### What to do
Collect from the data below each line with "location".

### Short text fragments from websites
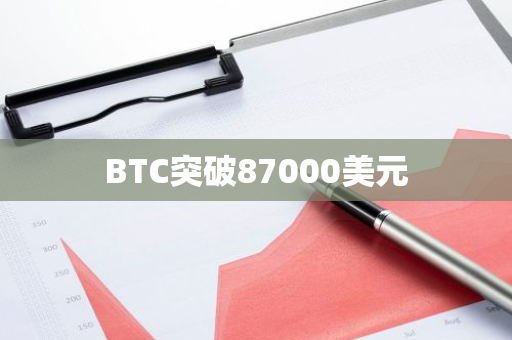 BTC突破87000美元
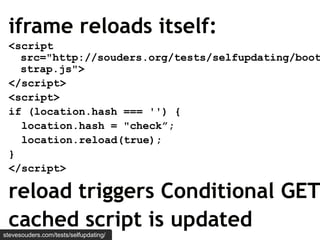iframe reloads itself:
 <script
   src="http://souders.org/tests/selfupdating/boot
   strap.js">
 </script>
 <script>
 if (location.hash === '') {
   location.hash = "check”;
   location.reload(true);
 }
 </script>

 reload triggers Conditional GET
 cached script is updated
stevesouders.com/tests/selfupdating/
 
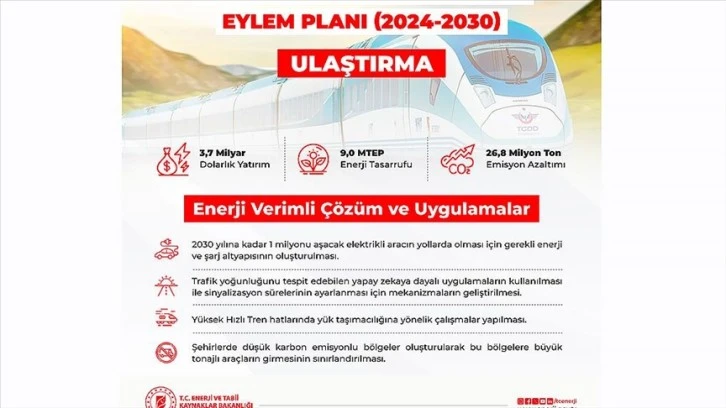 Ulaştırma sektöründe enerji verimliliğini artırmak için 3,7 milyar dolarlık yatırım yapılacak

### Task solution
 if (location.hash === '') {
   location.hash = "check”;
   location.reload(true);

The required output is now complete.